The Spanish Group risk stratification model13 is based on 2 risk factors: a high proportion of abnormal plasma cells (aPC) within the bone marrow plasma cell (BMPC) compartment (ie, ≥95% CD56+/CD19-); and an evolving subtype of the disease (defined as an increase in the level of serum M-protein by at least 10% during the first 6 months of follow-up, or a progressive and constant increase of the M-protein until overt MM develops). The 7-year cumulative probability of progression of MGUS to MM: 2% for patients with neither risk factor, 16% with one risk factor, and 72% with both risk factors.13
SMM. Classification of this progressive state is defined by a serum level of monoclonal protein (IgG, IgA, IgD, or IgE) ≥3 g/dL or a concentration of clonal bone marrow plasma cells ≥10%; and by an absence of end-organ damage such as hypercalcemia, renal insufficiency, anemia, and bone lesions (CRAB) that can be attributed to a plasma cell proliferative disorder (TABLE 2).3 Both laboratory and clinical criteria must be met.
According to the Mayo Clinic risk stratification model, likelihood of progression reflects combinations of 3 factors: bone marrow plasmacytosis ≥10%, a serum M-protein level ≥3 g/dL, and a serum FLC ratio ≤0.125 or ≥8.14 Using this stratification scheme, the risk over 10 years of progressing from SMM to MM is 84% for those with all 3 risk factors, 65% with 2 factors, and 52% with one factor.14 As SMM is defined, there is no upper limit of bone marrow involvement. However, Rajkumar et al15 found that progression time was significantly shorter (P<.001) among patients with ≥60% bone marrow involvement, compared with those having <60% involvement.
The Spanish Group risk stratification model13 uses the same model applied to MGUS: a proportion of abnormal plasma cells in the BMPC compartment ≥95% CD56+/CD19-; and an evolving subtype of disease. The 3-year cumulative probability of progression of SMM to MM is 46% for those with both risk factors, 12% for those with one factor, and <1% for those with no risk factors.13
LC-MGUS. The classification of LC-MGUS (TABLE 4)3 is primarily from a Mayo Clinic study6 and research on risk stratification is underway at 2 other institutions. False-positive results are possible in patients with renal16 and inflammatory17 disorders.
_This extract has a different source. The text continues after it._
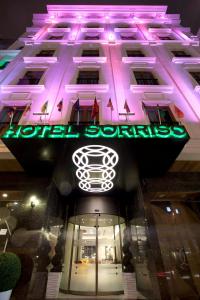 a building with a neon sign in front of it at Sorriso Hotel in Istanbul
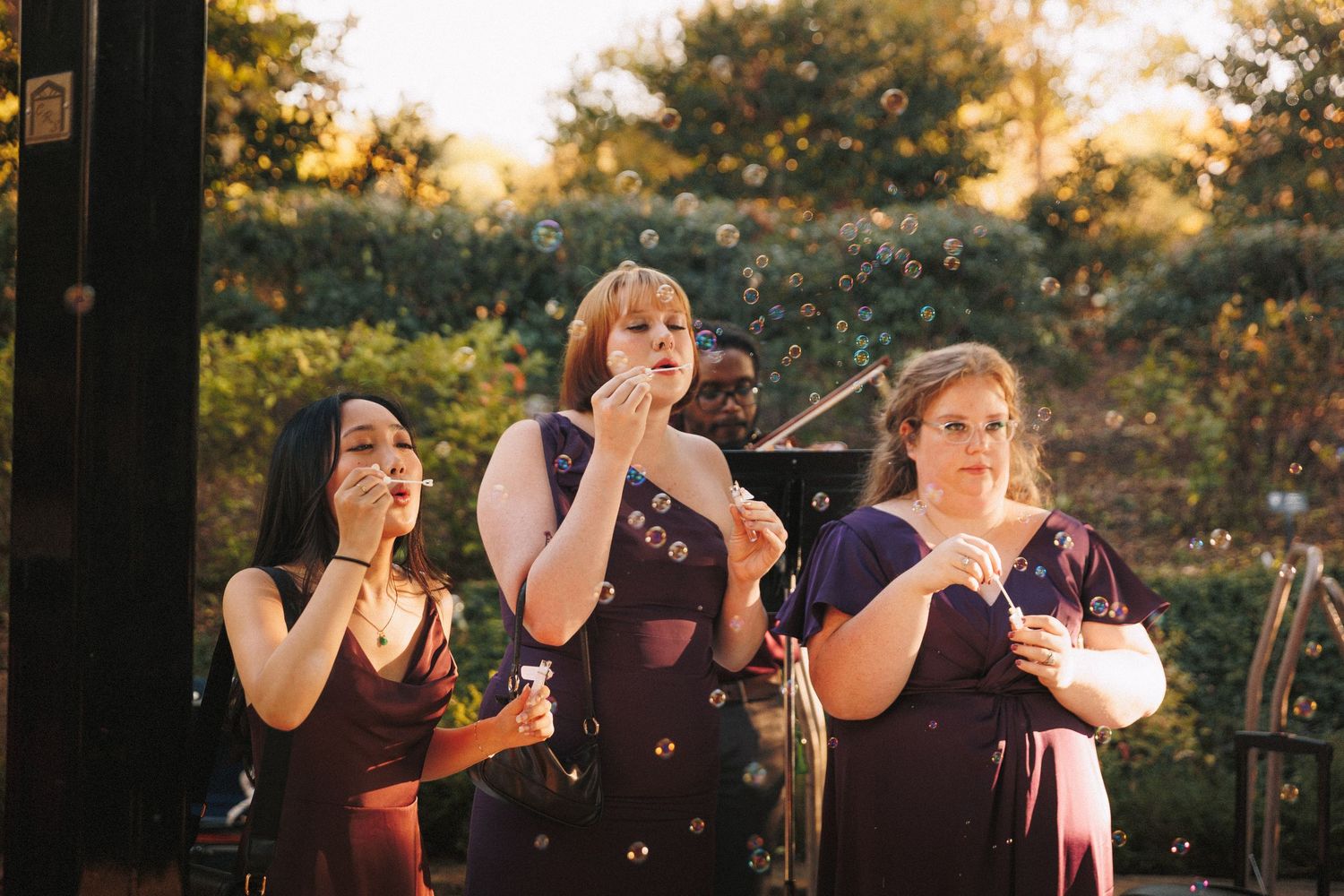 Three bridesmaids in burgundy dresses blow bubbles at outdoor wedding reception at golden hour.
Applying risk stratification to patient management
The current approach to a patient with clearly defined MGUS is a prudent “watch and wait” strategy that specifies monitoring details based on risk category (ALGORITHM).1,18
MGUS. In the low-risk MGUS group (IgG subtype, M-protein <1.5 g/dL, and normal FLC ratio)3 there is no need for bone marrow examination or skeletal radiography. Repeat the serum protein electrophoresis (SPE) in 6 months, and if there is no significant elevation of M-protein, repeat the SPE every 2 to 3 years.1,19,20 However, if other findings are suggestive of plasma cell malignancy (anemia, renal insufficiency, hypercalcemia, or bone lesions), bone marrow examination and computed tomographic (CT) scan are advised. Further evaluation of an incidental detection of MGUS is also important since it is occasionally associated with bone diseases,21 arterial and venous thrombosis,22 and an increased risk (P<.05) of developing bacterial (pneumonia, osteomyelitis, septicemia, pyelonephritis, cellulitis, endocarditis, and meningitis) and viral (influenza and herpes zoster) infections.23
Patients in the intermediate- and high-risk MGUS groups with serum monoclonal protein ≥1.5 g/dL, IgA or IgM subtype or an abnormal FLC ratio should undergo tests for CRAB and have bone marrow aspirate and biopsy with cytogenetics, flow cytometry, and fluorescence in situ hybridization (FISH). Patients with IgM MGUS should also undergo a CT scan of the abdomen to rule out the presence of asymptomatic retroperitoneal lymph nodes.1,19 If the BM examination and CT scan yield negative results, repeat SPE and complete blood count (CBC) after 6 months and annually thereafter for life. IgD or IgE MGUS is rare, and patients exhibit a progression similar to the 20-year risk seen with MGUS generally.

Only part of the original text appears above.